▶ **Work item**
Begin at the first line below and copy each line exactly, ending with the line where "Beispielbild: Ein Einzelzimmer" appears.

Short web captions
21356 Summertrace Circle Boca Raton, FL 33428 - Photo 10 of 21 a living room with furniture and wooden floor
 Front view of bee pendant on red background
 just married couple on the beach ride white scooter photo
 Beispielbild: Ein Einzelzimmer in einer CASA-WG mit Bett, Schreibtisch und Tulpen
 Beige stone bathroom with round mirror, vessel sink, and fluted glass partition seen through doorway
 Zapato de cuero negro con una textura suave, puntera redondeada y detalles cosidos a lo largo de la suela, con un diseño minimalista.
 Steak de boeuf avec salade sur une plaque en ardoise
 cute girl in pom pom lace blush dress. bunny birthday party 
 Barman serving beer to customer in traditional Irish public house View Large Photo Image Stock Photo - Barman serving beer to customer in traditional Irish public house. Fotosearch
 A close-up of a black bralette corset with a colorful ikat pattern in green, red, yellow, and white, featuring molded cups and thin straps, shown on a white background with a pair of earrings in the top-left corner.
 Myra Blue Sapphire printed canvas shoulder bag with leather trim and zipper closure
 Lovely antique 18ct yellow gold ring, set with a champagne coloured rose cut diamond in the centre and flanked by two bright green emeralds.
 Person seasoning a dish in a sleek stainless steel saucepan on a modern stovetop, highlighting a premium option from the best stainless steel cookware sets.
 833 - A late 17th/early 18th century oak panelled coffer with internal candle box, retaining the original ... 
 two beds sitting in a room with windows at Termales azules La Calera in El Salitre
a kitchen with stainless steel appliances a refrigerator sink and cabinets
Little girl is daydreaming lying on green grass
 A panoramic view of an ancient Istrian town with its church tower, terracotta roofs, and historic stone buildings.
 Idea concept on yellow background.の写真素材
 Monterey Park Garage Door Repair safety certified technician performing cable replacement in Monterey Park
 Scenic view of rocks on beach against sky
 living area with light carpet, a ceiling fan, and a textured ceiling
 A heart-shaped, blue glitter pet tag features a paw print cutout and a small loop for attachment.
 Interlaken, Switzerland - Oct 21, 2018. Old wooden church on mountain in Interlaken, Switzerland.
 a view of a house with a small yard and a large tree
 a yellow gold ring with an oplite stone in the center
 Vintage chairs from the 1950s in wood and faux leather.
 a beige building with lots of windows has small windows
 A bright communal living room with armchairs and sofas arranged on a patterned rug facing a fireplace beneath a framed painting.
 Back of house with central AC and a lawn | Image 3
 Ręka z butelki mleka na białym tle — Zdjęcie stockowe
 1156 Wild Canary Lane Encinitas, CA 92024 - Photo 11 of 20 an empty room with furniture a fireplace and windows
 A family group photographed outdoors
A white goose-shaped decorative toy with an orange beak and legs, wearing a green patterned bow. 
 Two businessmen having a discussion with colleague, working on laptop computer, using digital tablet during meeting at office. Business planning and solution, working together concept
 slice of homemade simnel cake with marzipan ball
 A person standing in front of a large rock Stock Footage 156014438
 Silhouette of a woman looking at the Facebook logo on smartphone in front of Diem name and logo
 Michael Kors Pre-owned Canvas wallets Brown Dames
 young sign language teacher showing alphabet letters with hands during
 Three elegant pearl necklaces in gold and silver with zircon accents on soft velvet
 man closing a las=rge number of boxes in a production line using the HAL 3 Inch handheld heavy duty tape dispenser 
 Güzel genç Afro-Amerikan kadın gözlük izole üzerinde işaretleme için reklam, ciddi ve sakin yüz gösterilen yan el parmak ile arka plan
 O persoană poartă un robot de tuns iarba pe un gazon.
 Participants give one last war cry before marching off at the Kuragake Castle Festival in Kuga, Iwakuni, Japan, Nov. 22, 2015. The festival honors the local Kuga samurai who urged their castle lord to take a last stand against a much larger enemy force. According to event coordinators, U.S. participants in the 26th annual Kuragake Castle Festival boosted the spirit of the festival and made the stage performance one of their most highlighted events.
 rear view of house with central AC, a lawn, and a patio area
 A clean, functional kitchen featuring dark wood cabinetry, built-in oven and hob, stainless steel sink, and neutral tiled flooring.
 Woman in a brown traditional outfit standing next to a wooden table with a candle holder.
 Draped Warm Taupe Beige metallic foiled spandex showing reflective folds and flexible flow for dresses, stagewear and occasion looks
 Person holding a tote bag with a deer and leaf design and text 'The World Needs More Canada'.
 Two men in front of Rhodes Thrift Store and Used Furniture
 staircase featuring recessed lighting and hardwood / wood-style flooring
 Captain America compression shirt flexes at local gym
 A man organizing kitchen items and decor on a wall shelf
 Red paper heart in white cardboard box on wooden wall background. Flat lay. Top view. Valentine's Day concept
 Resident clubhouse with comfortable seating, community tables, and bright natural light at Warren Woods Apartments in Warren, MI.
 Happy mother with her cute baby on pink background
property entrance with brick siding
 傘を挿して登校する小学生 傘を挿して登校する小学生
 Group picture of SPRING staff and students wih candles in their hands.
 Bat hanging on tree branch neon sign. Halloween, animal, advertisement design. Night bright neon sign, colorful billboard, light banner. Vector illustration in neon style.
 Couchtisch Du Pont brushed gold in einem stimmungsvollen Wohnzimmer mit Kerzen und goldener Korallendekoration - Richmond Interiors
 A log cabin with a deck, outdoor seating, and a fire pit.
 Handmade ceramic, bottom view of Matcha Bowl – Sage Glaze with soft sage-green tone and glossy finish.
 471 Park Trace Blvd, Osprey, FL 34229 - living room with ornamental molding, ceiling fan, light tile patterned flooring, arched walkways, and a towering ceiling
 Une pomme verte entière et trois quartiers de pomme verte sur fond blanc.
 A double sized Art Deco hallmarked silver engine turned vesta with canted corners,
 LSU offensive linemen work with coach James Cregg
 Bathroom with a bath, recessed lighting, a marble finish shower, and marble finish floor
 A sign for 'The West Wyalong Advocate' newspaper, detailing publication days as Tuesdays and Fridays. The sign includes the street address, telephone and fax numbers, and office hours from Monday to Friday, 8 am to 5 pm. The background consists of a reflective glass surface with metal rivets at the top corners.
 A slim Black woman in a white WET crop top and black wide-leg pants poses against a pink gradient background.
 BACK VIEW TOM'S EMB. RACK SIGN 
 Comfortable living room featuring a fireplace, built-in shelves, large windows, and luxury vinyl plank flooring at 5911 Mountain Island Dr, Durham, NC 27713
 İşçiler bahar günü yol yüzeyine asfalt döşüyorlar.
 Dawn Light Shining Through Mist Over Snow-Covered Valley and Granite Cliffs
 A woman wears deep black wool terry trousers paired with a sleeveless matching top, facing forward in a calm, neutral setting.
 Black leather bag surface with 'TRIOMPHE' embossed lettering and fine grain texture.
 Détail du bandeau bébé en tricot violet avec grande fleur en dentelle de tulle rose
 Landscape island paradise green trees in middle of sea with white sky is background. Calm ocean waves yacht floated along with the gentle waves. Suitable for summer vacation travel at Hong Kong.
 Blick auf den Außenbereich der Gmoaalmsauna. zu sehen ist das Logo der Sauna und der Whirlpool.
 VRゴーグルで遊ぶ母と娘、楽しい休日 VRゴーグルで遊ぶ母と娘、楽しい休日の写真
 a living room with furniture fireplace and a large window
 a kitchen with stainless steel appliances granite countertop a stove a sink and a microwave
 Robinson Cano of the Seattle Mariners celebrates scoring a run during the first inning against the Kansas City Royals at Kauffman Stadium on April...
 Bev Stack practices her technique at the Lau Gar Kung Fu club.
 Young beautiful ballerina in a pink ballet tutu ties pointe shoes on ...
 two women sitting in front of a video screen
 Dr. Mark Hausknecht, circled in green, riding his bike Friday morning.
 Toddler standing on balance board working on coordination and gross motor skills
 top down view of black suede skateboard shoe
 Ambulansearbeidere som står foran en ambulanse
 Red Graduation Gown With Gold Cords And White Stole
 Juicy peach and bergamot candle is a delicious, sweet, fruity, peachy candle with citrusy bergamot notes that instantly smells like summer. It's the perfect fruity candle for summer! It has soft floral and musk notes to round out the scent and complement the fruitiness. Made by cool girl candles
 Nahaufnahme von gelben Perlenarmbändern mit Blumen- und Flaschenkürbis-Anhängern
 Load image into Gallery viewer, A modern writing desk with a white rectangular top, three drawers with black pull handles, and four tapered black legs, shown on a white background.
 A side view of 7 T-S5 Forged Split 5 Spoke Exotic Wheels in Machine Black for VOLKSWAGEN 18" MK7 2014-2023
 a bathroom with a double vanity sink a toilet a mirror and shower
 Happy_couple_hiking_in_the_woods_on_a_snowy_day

▶ **Answer to this problem**
21356 Summertrace Circle Boca Raton, FL 33428 - Photo 10 of 21 a living room with furniture and wooden floor
 Front view of bee pendant on red background
 just married couple on the beach ride white scooter photo
 Beispielbild: Ein Einzelzimmer in einer CASA-WG mit Bett, Schreibtisch und Tulpen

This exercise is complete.